A Level Business Exam Command Words Interpret Ascribe meaning. Justify Give reasons for the validity of a view or idea why some action should be undertaken. This might reasonably involve discussing and discounting alternative views or actions. Each of the views present or options available will have positives and negatives. For the outcome(s) chosen, the positives outweigh the negatives. Students should be able to explain all of this review process. Outline..., Summarise... Provide a brief account of relevant information. To what extent... Form and express a view as to the merit or validity of a view or statement after examining the evidence available and/or different sides of an argument.

Assessment Objectives

How to answer a 20-mark question?

Evaluate the importance of Corporate Social Responsibility to SuperGroup’s stakeholders. (20) Evaluate Consider several options, ideas or arguments and come to a conclusion about their importance/success/worth.

Achievable Marks Knowledge 4, Application 4, Analysis 6, Evaluation 6. (20)

Part one – definitions Candidate shows knowledge of Corporate social responsibility and or stakeholders. CSR refers to the extent to which a business accepts obligations to society over and above the legal requirements • This usually refers in particular to treatment of employees, the environment and suppliers • Stakeholders are groups with a direct interest in the company’s operations

Part two Candidate applies knowledge of corporate social responsibility to SuperGroup stakeholders. • SuperGroup has a clear CSR position as outlined in the share offer prospectus • It is a member of the Supplier Ethical Data Exchange • It has expectations about what its clothing suppliers will and will not be involved in.

Part three Analysis is wide-ranging; three or more well explained reasons/causes/costs and/or consequences are outlined. • CSR is important to stakeholders such as suppliers because they want to be treated fairly and in a way that does not force them to behave unethically in order to keep the Superdry contracts • Clothing companies are particularly vulnerable to scrutiny from the media and pressure groups over issues such as child labour and sweat shops • Customers do not want to buy clothing that may be supplied by businesses who treat their employees badly • Part of Superdry’s brand appeal is its newness and the idea of breaking moulds – this would be damaged if CSR policies were broken or not followed • Celebrity endorsers are likely to desert the company if questions are raised about SuperGroup’s treatment of its stakeholders.

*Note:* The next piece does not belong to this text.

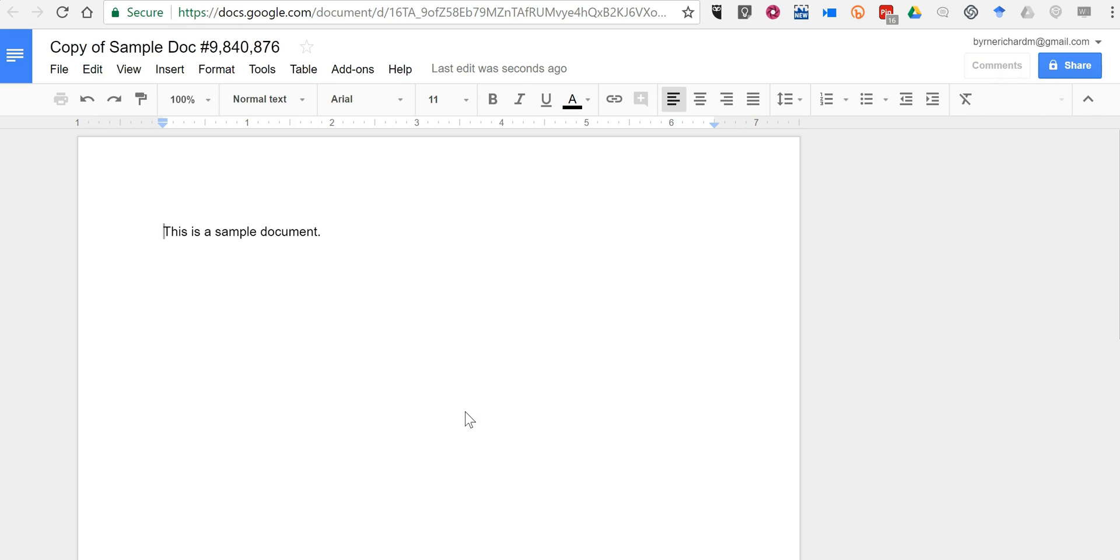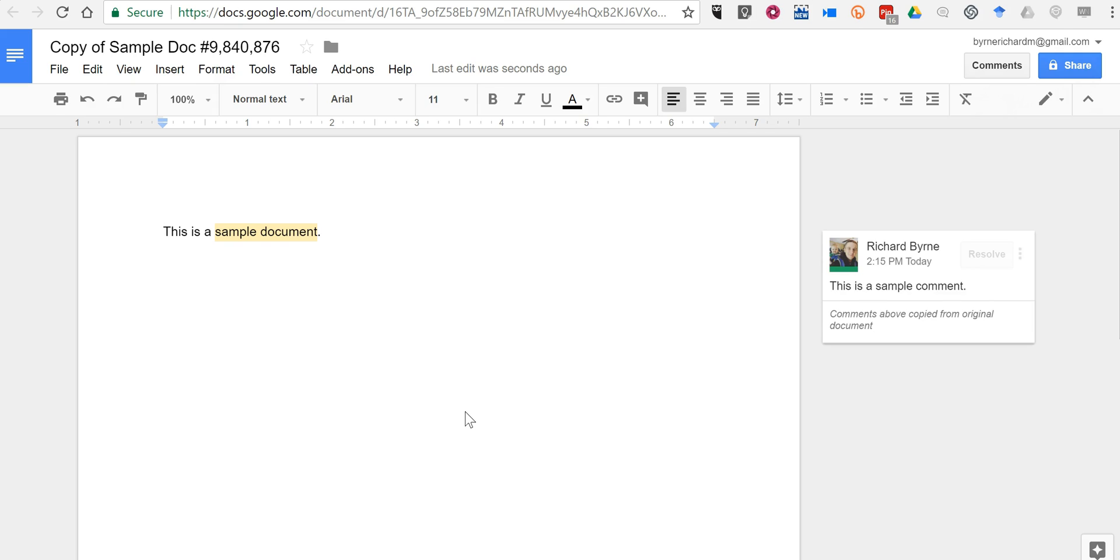And now we'll launch this document, and we see here Comments Above Copied From Original Document. So that's how you can copy comments and suggestions in Google Documents.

Part four Balanced conclusions and/or recommendations based on sound analysis of the business situation and case study information. • SuperGroup’s success is based on design, image and price – customers are less likely to be concerned with background issues such as CSR • Shareholders are concerned about the profit performance of the newly floated business, so they are less likely to be concerned with potentially costly issues such as changing suppliers • Stakeholders such as employees in the UK are more likely to be concerned with the basic wage and working conditions they face than ‘higher-minded’ issues often covered with CSR • Superdry is not engaged in many activities that damage the environment, so it is less likely to invite scrutiny from pressure groups on this issue • However, Superdry’s focus is on growth, so shareholders are interested in how this could affect their returns. If CSR is important, it is likely to be in terms of how suppliers are treated, particularly if they are pressured into increasing supply to support Superdry’s growth.